Mindful of a dismal debate performance two weeks ago that has helped fuel Romney's ascent in the public opinion polls, an energized Obama bounded onstage in Hempstead, N.Y. apparently determined to undo the damage. He wasted no time taking his first swing at his foe, slamming Romney's economic plan.
``Governor Romney says he's got a five-point plan,'' Obama said. ``Governor Romney doesn't have a five-point plan, he has a one-point plan. And that plan is to make sure that folks at the top play by a different set of rules.''
He also mocked Romney's response to the opening question from a 20-year-old college student worried about whether he'd be able to find a job once he graduated. Rather than advocating job creation, Obama said, the Michigan-born Republican once said ``we should let Detroit go bankrupt.''
The most painful moment of the showdown for Romney was when he insisted _ falsely _ that the president failed to immediately characterize the attack on the Benghazi consulate last month as an act of terror. The violence resulted in the deaths of
four Americans, including Chris Stevens, the U.S. envoy to Libya. ``Check the transcript,'' Obama told Romney as he continued to assert that it took the president two weeks to describe the Benghazi attack as terrorism.

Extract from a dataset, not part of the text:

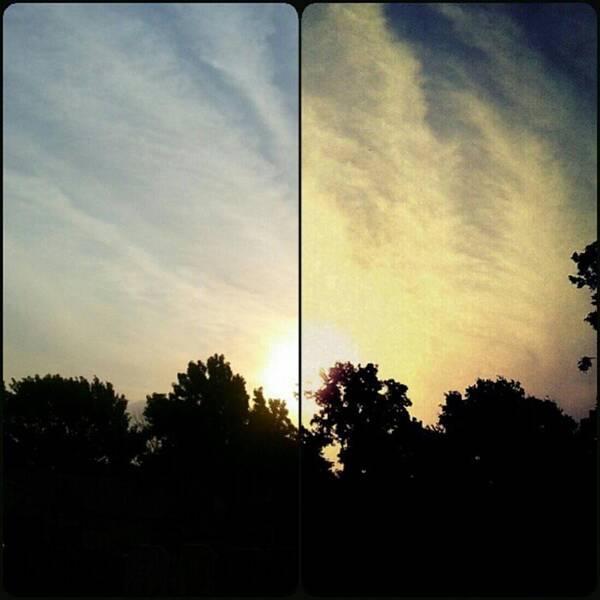 Andrography Art Print featuring the photograph #before & #after #sunrise #sky #clouds by Kel Hill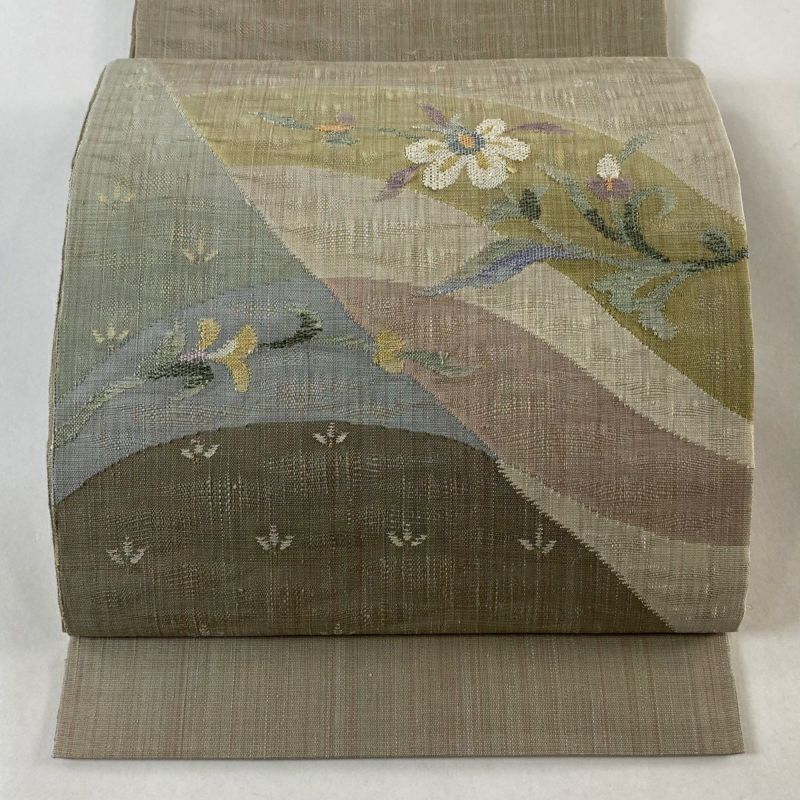 袋帯 秀品 紬地 草花 金糸 薄茶色 お太鼓柄 正絹 ｜中古・古着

It wasn't the only bad moment of the showdown for Romney. He referred to ``binders full of women'' when advocating his own efforts to hire more female employees as Massachusetts governor, a phrase definitely not destined for a Republican campaign ad.
Romney also repeatedly tried to talk over Crowley while complaining about the questioning format. As well, he strode uncomfortably close to Obama, including as he chastised the president for failing to greenlight TransCanada's Keystone XL pipeline.